__ASSIGNMENT__. Look in the material below for the line holding "Bac lave tête". Set it down exactly, with each later line up to and including the line holding "Juego De Mesa".

__SUPPLIED RECORDS__.
┌──

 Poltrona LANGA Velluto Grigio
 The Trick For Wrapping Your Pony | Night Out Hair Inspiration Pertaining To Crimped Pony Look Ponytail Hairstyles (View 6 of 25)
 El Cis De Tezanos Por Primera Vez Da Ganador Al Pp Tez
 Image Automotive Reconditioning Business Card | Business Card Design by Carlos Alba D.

└──
┌──

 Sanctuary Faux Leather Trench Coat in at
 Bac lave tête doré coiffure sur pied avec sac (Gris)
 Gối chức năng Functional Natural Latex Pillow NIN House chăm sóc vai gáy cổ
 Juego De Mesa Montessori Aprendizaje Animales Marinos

└──

__EXERCISE SOLUTION__.
 Bac lave tête doré coiffure sur pied avec sac (Gris)
 Gối chức năng Functional Natural Latex Pillow NIN House chăm sóc vai gáy cổ
 Juego De Mesa Montessori Aprendizaje Animales Marinos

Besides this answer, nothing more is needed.